Ci stanno rubando la sanità
Lo stop il 12 dicembre. Filippi (Fp Cgil medici) a RadioArticolo1: “Scioperiamo in difesa del Ssn. C’è
una strategia per mortificare il pubblico e favorire il privato. Nella legge di bilancio non c’è nulla, a
rischio il diritto alla salute”
Domani, 12 dicembre, tutte le categorie degli operatori della sanità pubblica e privata convenzionata
incroceranno le braccia per lo sciopero del comparto. È un momento particolarmente difficile per la sanità
in Italia, un momento che culmina con il primo sciopero generale
unitario dopo moltissimo tempo. “Viviamo una crisi frutto degli
effetti della legge Brunetta, che ha provocato un’emarginazione
progressiva dei ruoli professionali nell’organizzazione del lavoro, e
del blocco contrattuale, che subiamo da ormai 8 anni. Questo
combinato disposto ha provocato una progressiva demotivazione in
tutti gli operatori, che è l’elemento più dannoso per l’intero sistema
sanitario nazionale”. A dirlo, ai microfoni di RadioArticolo1, è il
neosegretario generale della Funzione pubblica medici della Cgil
Andrea Filippi.
“Fondamentalmente, scioperiamo proprio in difesa del Servizio
sanitario nazionale, alla luce del progressivo definanziamento del
Fondo sanitario nazionale che c’è stato in questi ultimi anni –
continua Filippi –. In questa legge di bilancio, invece, il Fondo non
viene toccato. Questo fatto potrebbe essere visto come una buona notizia, dopo tanti anni di tagli, ma in
realtà i tagli vengono messi sul fronte delle spese delle regioni. Inoltre, il previsto aumento di un miliardo
sul Fondo sanitario, in realtà, è stato ridotto a 400 milioni di euro. Le regioni dovranno quindi affrontare
un aumento delle spese per il pay back farmaceutico. È evidente che nella legge di bilancio non c’è
nessuna strategia complessiva per affrontare la crisi della sanità in Italia”.
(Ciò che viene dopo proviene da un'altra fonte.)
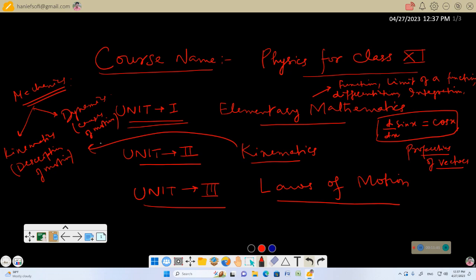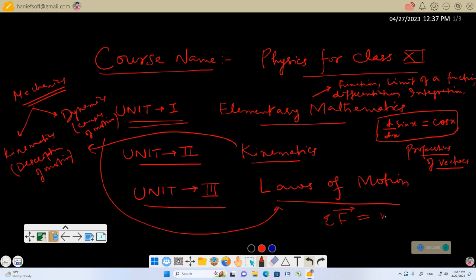Unit 2 pertains to kinematics and unit 3 is dynamics, because in dynamics the causes of motion are answered by Newton's laws of motion. The main equation is σF = ma, where m is the mass of a body, a is its acceleration, and σF represents the resultant of all the forces acting on it. We will discuss how to use this equation and applications of Newton's laws — one application we will discuss is called Atwood's machine.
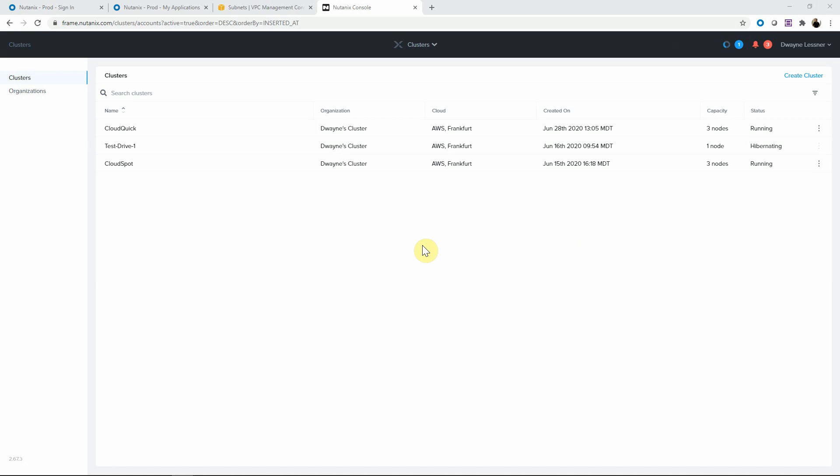Dwayne Lesnar with the CloudQuick video. We are going to show how to increase or expand your AWS cluster, because what is better than three nodes? Six nodes.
Inoltre, nel documento di economia e finanza e nella sua variazione, approvati tra la primavera e l’autunno
di quest’anno, si legge che da qui al 2020 si prevede una riduzione della percentuale di Pil destinata al
Servizio sanitario nazionale, che scende sotto la soglia del 6,5%. Secondo l’Oms, sotto questo tetto si
mette a rischio la salute pubblica di un paese. “Ma tutto ciò – afferma ancora il sindacalista – non è
dovuto a inefficienza o alla crisi economica. Noi crediamo che sia il frutto di una strategia programmata
ormai da diverso tempo, che ha come obiettivo la mortificazione della Sanità pubblica. Non è un caso che
si registri un aumento costante della spesa privata, che in Italia è organizzata solo in forme sostitutive.
Ormai il 10% della spesa sanitaria esce direttamente dalle tasche dei cittadini. Questa operazione va di
pari passo con la progressiva delegittimazione dei ruoli, sia economica sia professionale, degli operatori”.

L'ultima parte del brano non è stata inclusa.